_About this task_
Each line of the data below goes into the copy exactly; pictures do not.

_Extracted information_
━━━━━━━━━━━━━━━━━━━━━━━━━━━━━━

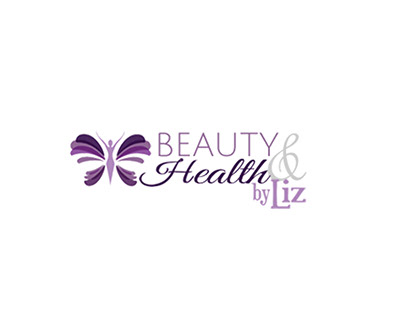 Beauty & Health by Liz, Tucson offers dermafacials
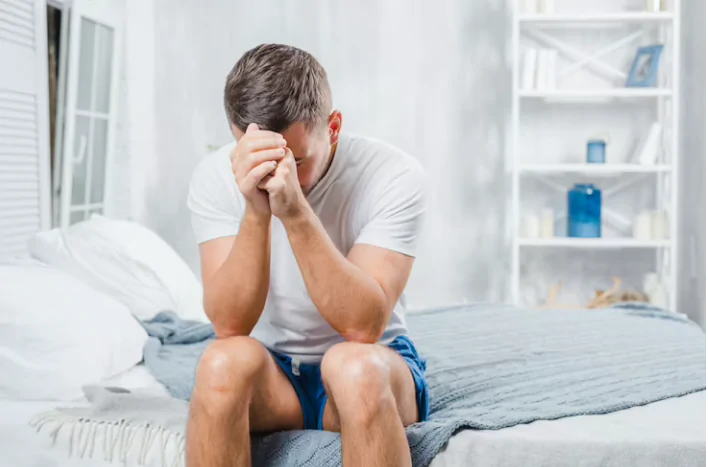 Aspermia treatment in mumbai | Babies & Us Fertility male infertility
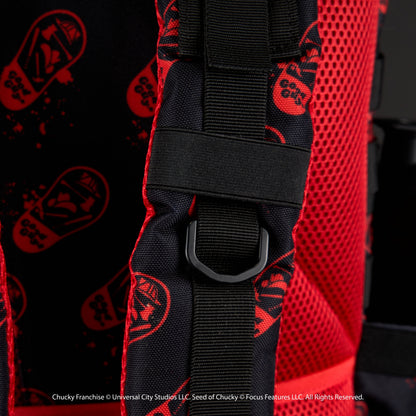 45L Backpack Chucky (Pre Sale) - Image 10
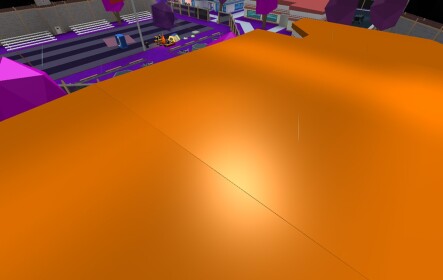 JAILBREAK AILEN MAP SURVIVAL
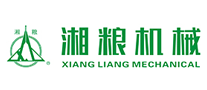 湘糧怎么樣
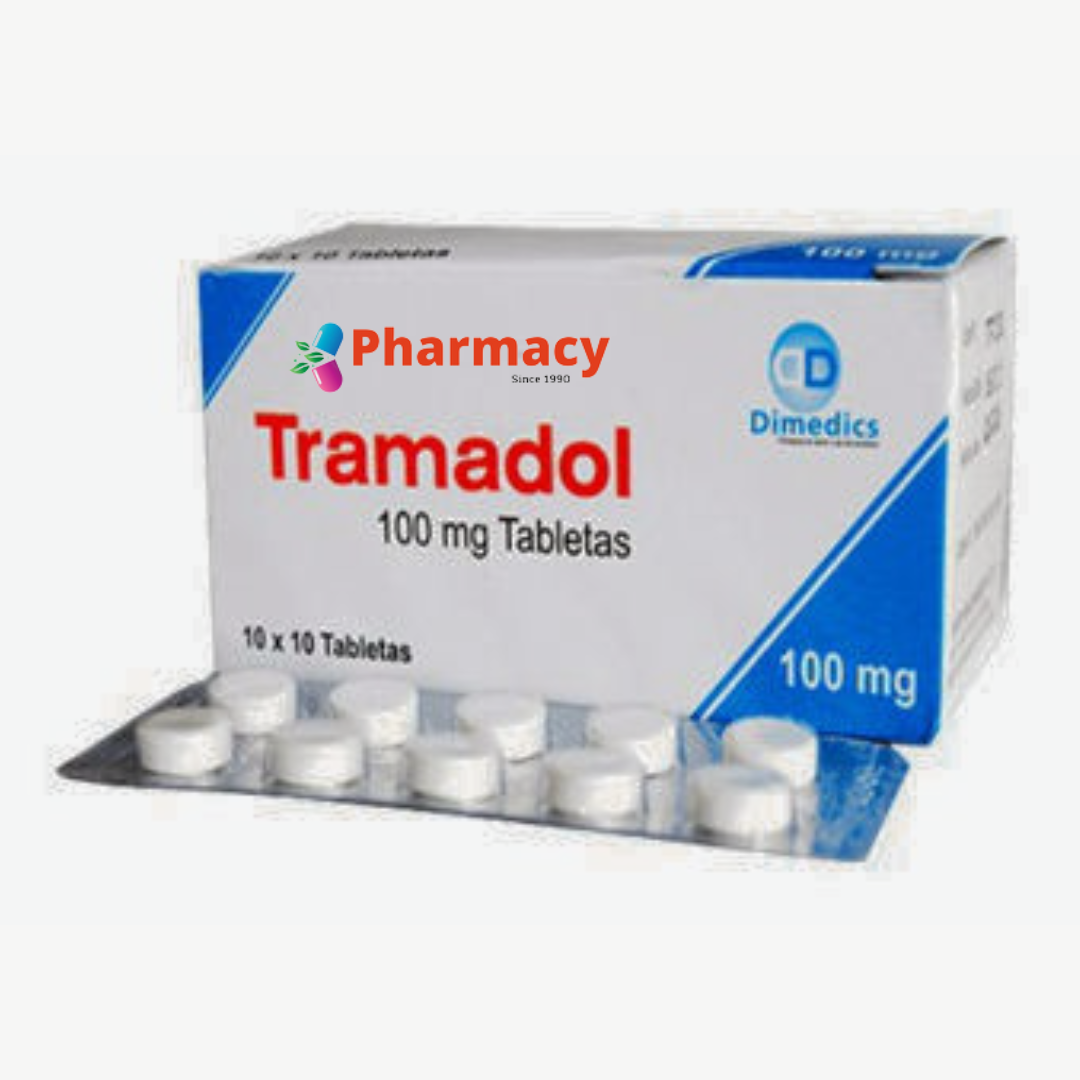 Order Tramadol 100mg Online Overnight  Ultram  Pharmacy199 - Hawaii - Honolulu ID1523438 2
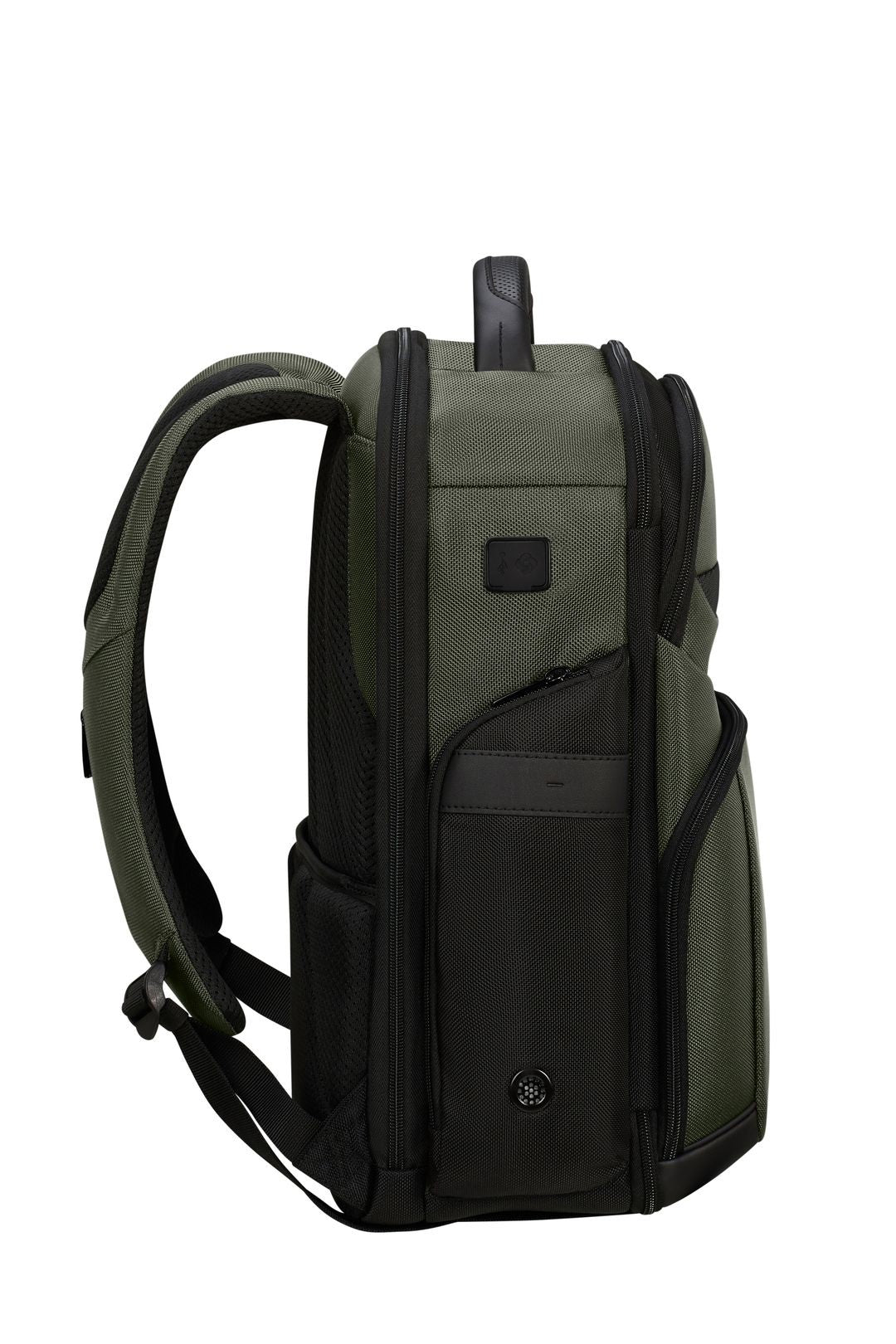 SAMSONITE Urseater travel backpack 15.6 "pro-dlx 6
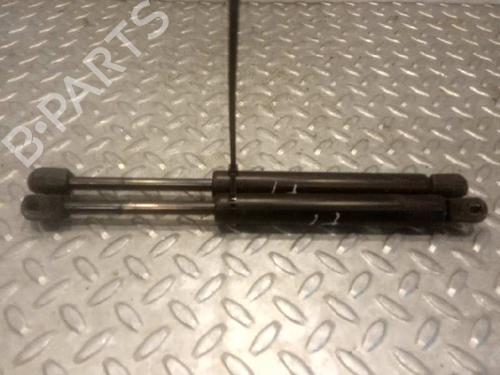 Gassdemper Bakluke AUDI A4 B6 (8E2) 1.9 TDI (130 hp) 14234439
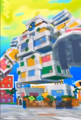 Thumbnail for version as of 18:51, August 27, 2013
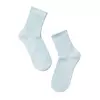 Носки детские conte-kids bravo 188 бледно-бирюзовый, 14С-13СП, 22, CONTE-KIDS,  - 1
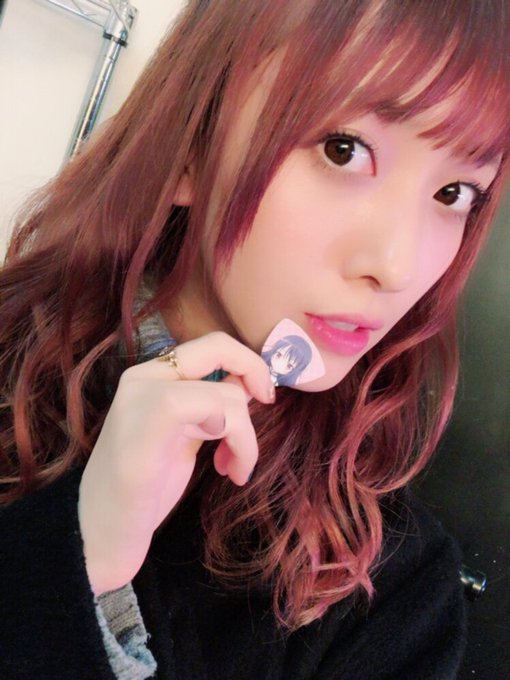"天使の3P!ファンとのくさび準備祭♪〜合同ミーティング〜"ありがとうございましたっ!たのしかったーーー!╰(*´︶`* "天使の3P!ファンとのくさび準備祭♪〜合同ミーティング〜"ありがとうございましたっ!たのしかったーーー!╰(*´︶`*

━━━━━━━━━━━━━━━━━━━━━━━━━━━━━━

_Finished task_
 Beauty & Health by Liz, Tucson offers dermafacials
 Aspermia treatment in mumbai | Babies & Us Fertility male infertility
 45L Backpack Chucky (Pre Sale) - Image 10
 JAILBREAK AILEN MAP SURVIVAL
 湘糧怎么樣
 Order Tramadol 100mg Online Overnight  Ultram  Pharmacy199 - Hawaii - Honolulu ID1523438 2
 SAMSONITE Urseater travel backpack 15.6 "pro-dlx 6
 Gassdemper Bakluke AUDI A4 B6 (8E2) 1.9 TDI (130 hp) 14234439
 Thumbnail for version as of 18:51, August 27, 2013
 Носки детские conte-kids bravo 188 бледно-бирюзовый, 14С-13СП, 22, CONTE-KIDS,  - 1
"天使の3P!ファンとのくさび準備祭♪〜合同ミーティング〜"ありがとうございましたっ!たのしかったーーー!╰(*´︶`* "天使の3P!ファンとのくさび準備祭♪〜合同ミーティング〜"ありがとうございましたっ!たのしかったーーー!╰(*´︶`*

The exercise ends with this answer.